==== DATA EXCERPT
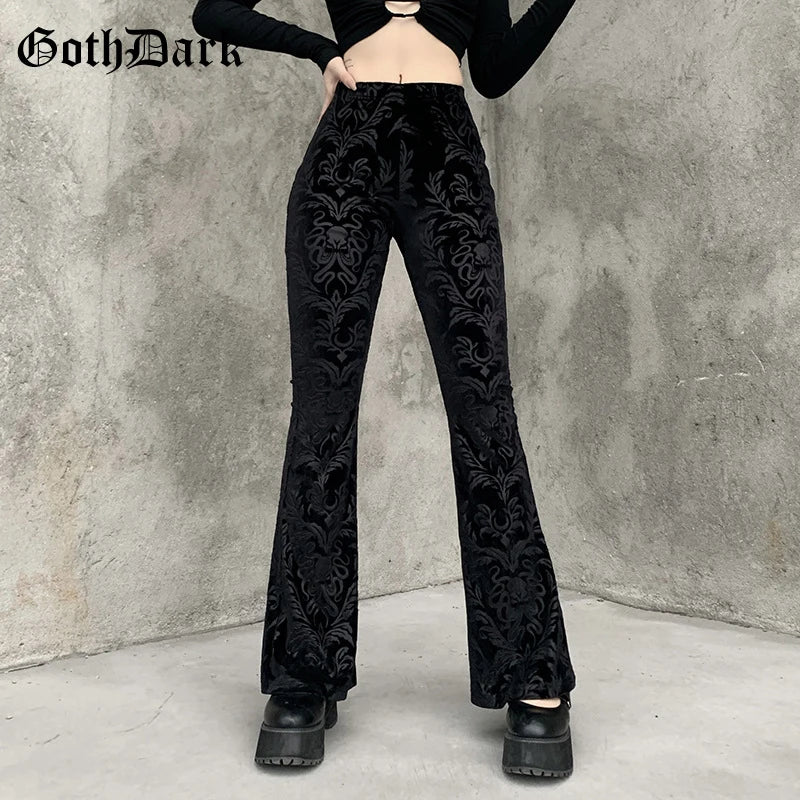Pantalon Velours Évasé Eclipse — Dark Luxury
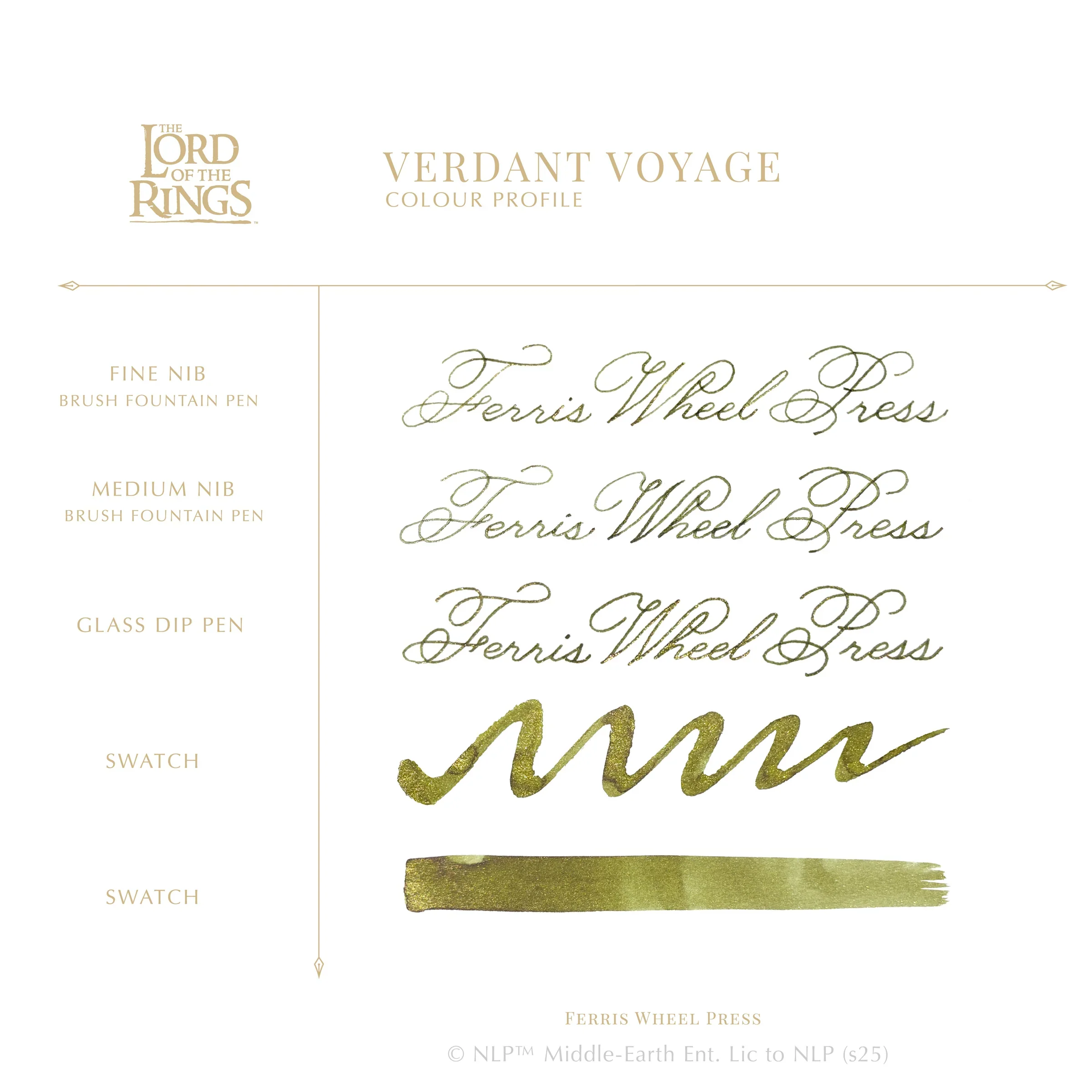 Ferris Wheel Press Lord of the Rings Fountain Pen Ink 28ml Verdant Voyage - Image 3
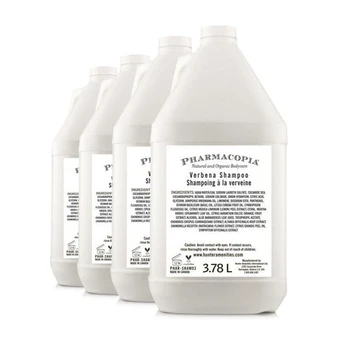 Four 1-gallon Pharmacopia Verbena Shampoo jugs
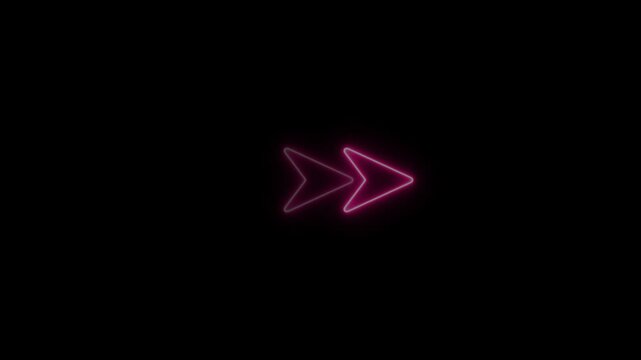 Neon pink glowing double arrow symbol pulsing on black background, for modern ui, interface and digital navigation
========
* WHAT TO WORK ON *
Reproduce the material word for word. Skip every picture it holds.

* ANSWER SPACE *
Pantalon Velours Évasé Eclipse — Dark Luxury
 Ferris Wheel Press Lord of the Rings Fountain Pen Ink 28ml Verdant Voyage - Image 3
 Four 1-gallon Pharmacopia Verbena Shampoo jugs
 Neon pink glowing double arrow symbol pulsing on black background, for modern ui, interface and digital navigation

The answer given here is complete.